Sun used the arm to tug at Indy until he loosened his grip and allowed himself to be gently pulled out of the airlock and into the silent hall. Inching along the walls and ceiling were a dozen cleaner drones, moving deliberately but almost nonchalantly towards the site of the depressurization. Just another mess to clean up.
“They’ll blast out what’s left,” Sun continued, rolling the arm down the hall in its mechanical track, Indy floating limply in their grip. “I’m taking you to decon and giving you the full cycle. Won’t be as relaxing as the baths, but once everything’s clear I’ll free up some water for you.”
“Thank you, Sun,“ Indrani said, his voice polite but clearly taxed. The violent decompression and sudden immense pull on his arms had definitely sprained his wrists; and his fingers tingled numbly in their gloves. He felt like some small nursling held by the scruff in its parent’s jaws, feeling both immeasurably weak and equally cared for in the mechanical claw’s grip.
He marshaled what was left of his strength, his adrenaline sapped from his body as quickly as the atmo from the ship. “Is The Sun alright? Not too much damage, I hope…?”
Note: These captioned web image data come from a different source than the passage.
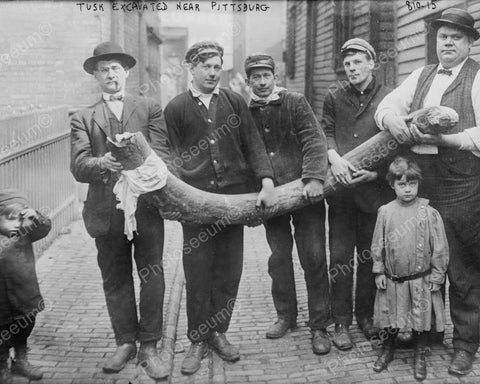 Huge Elephant Horn Excavated! 8x10 Reprint Of Old Photo - Photoseeum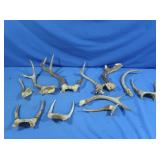 Misc Antlers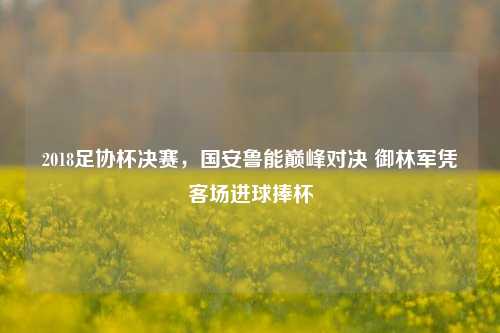 2018足协杯决赛,国安鲁能巅峰对决 御林军凭客场进球捧杯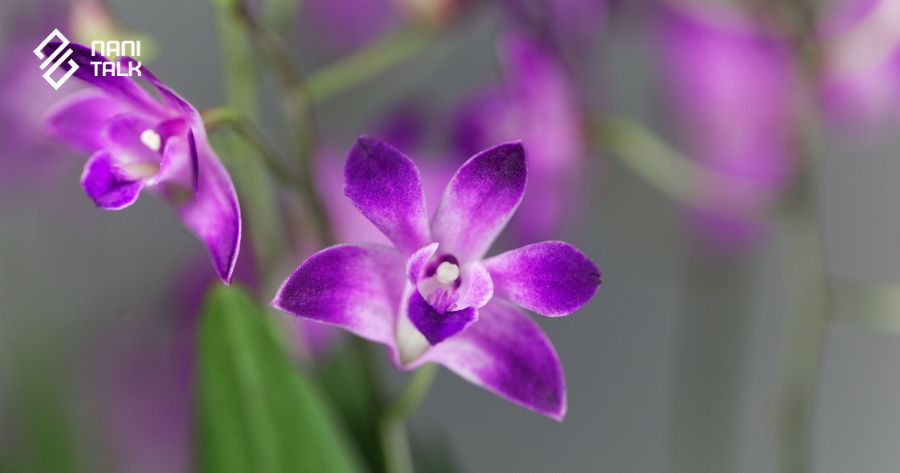 ความหมายของดอกกล้วยไม้สกุลหวาย (Dendrobium)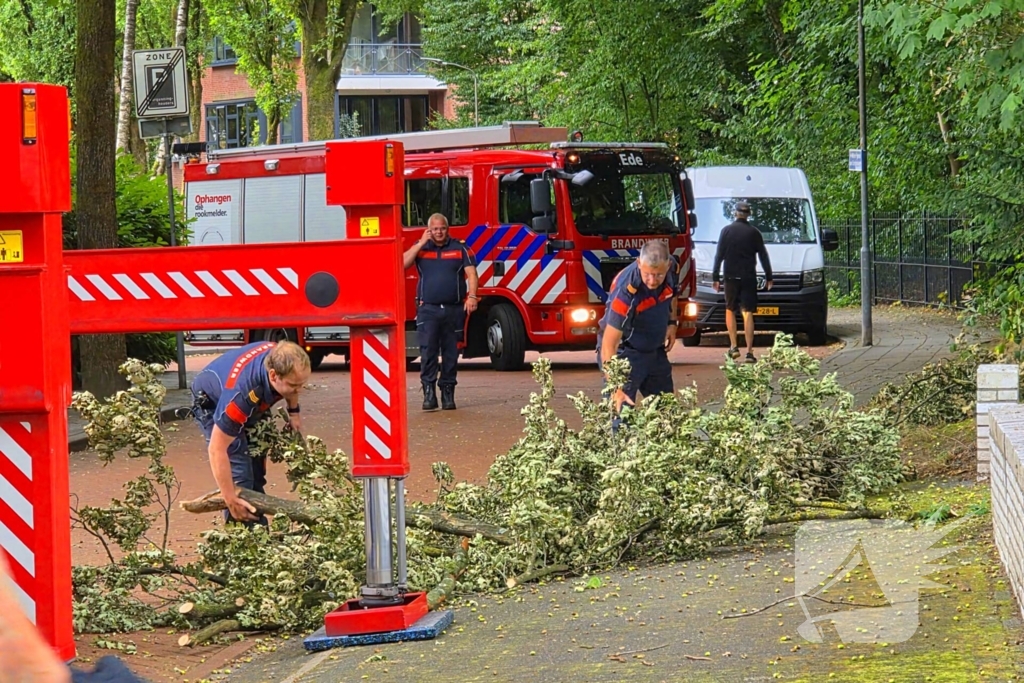 brandweer verwijdert gevaarlijke tak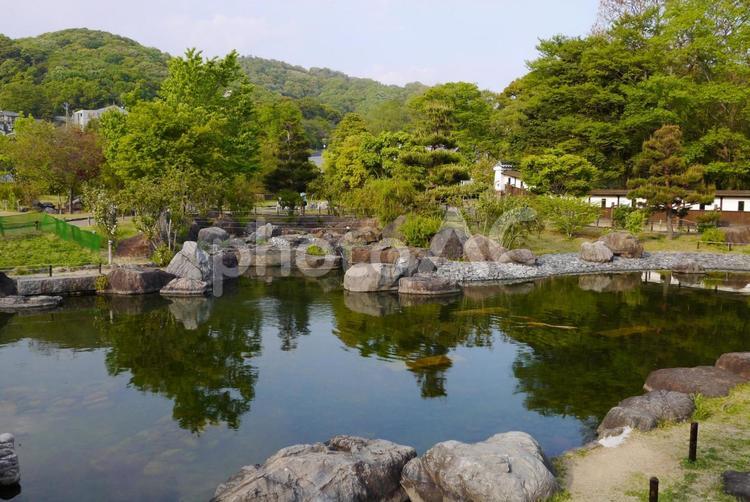 池田城天守から見下ろす庭園 池田城跡公園,芝生,広場の写真素材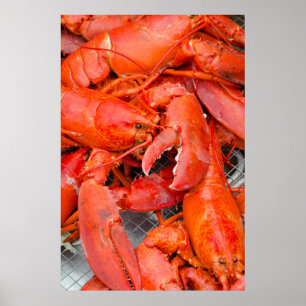 VS, Massachusetts, Martha's Vineyard Poster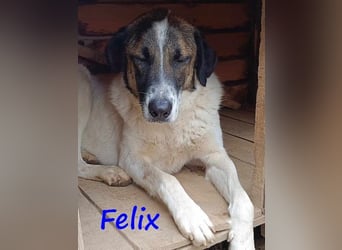 Felix geb. 02/2022 (GRC) - geselliger, verschmuster und freundlicher, junger Rüde!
The creature’s burrowing had torn panels from the walls and ceilings, and any hallway on the level left untouched by it had suffered warping from the decompression. Repair wasn’t impossible, but it was a long, dull task ahead of them. “I’ve got quite a few days of cleanup ahead of me,” Sun attempted cheerfully, with mixed success.
They had converted a chunk of the hallway into a makeshift airlock between the decompressed area and the intact sections of the passenger level. Indrani and the limb reentered the warmly lit corridors with a soft hiss. Sun’s avatar waited for them at the door to Indy’s chamber.
The claw set Indy down carefully, but the curate still managed to stumble a little, dizzy with the rush of the chase. He gave his best consolatory smile to Sun as he passed. “I’ll be ready to help with anything, Sun! Just let me know.”
He plopped onto his bed, clutching his left arm to his body surreptitiously, trying to hold it casually, as if he were simply cold. He was embarrassed by his fragility, even more so for how weak he appeared to Sun. Then again, skirting Death’s grasp often left claw marks on your mortality, and Indrani had already dodged the reaper’s hand twice now. Indrani glanced at Sun, hoping they didn’t insist on sending him to the medbay. “I think I might sleep now, Sun. I’ll see you tomorrow?”
Sun eyed the arm, automatically running through the logistics of seeing to it before they gave up and nodded at Indy. “Sure. Call me when you wake up.”
The door whispered shut, and Sun waited for a moment, collecting their thoughts and prioritizing the mountain of tasks ahead of them. They were somewhat grateful to Indy for his willingness to let them go, and to put himself lower on that pile. All the same, that arm’ll kill him once the adrenaline wears off, Sun thought, chuckling.
It was nearly a minute before they realized they were still using their avatar, standing in the hallway, emoting to no one.